I know I speak for some of us when I say that what we saw in The Man when he lined out for each edition of the PDI was aspirational. The elder stateman in the young man's game. The perennial struggle we shall all face if we are lucky enough to remain. The "rage against the dying of the light" as Dylan Thomas put it. Another chance to prove to everyone that what we once had is still there. Those of us there since (or close to) the start of the PDI can appreciate this more now as we approach forty or even fifty. Was part of it that we want in the future to see in ourselves what Tom exhibited each and every PDI? Probably, yea. Maybe Tom saw some of himself in us too.
There is nothing original in the world anymore. We are both sides of the same coin at once. We are both the young men admiring an elder that is proving something to ourselves that we're maybe not even fully aware of. At the same time, we are also the youth that the elder has left behind. He, able to appreciate in ways we are not yet able to understand the power of what we have, or at least had! Maybe I'm reading a bit too much into it, but I like to think that on one very fundamental personal level we 'got' Tom, and he 'got' us. Even if he didn't ever dress up for a walk on once!
Over time that far left corner of the bar in the Lakeside Lounge became sacrosanct. It might as well have been a Papal Throne with a velvet rope around it.
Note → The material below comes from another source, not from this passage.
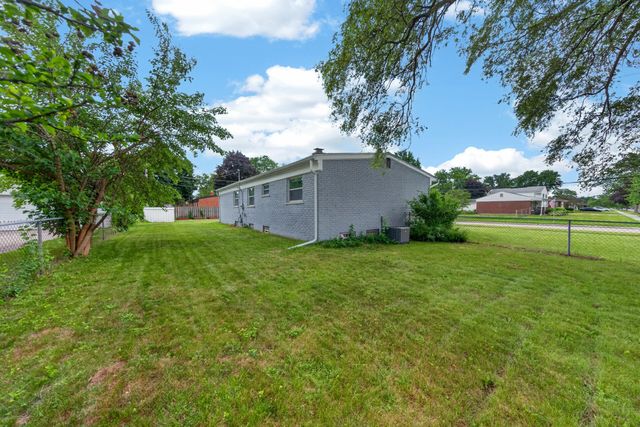43924 Donley Drive, Sterling Heights, MI 48314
So much so that one of the main challenges to overcome if you were drawn on board four was to throw 10-12 inches away from Tom The Man's sphere of influence. He may have looked disinterested but let me tell you…. If you were a potential Quarter Final opponent, you could be damn sure he was keeping a close eye on you.
For me though, my lasting memory of Tom the Man isn't actually the darts. It's not Put em Under Pressure. Nor is it the bookie bailout. It's the sight of Tom the Man and Tom the Boy, in that far left corner of the bar, as the knock-out games are going on and the pace of the day is slowing up as it turns into evening. The few pints of black in front of them. A picture of calm in this utterly bizarre menagerie that we call the PDI. A father and his son, side by side, putting the world to rights. Maybe that is the aspiration we all identify with. It's moments like this that it sinks in just how special the PDI really is.
But isn't that the whole point….. Of the PDI, of life. Being there, sharing those moments together. Life is about people. The PDI is just a vehicle for that. Tom was a central part of that for over a decade, and we are the poorer for him not being there to share it with us any longer. But what a legacy he left.
Ar dheis Dé Tom, rest easy. You will be missed.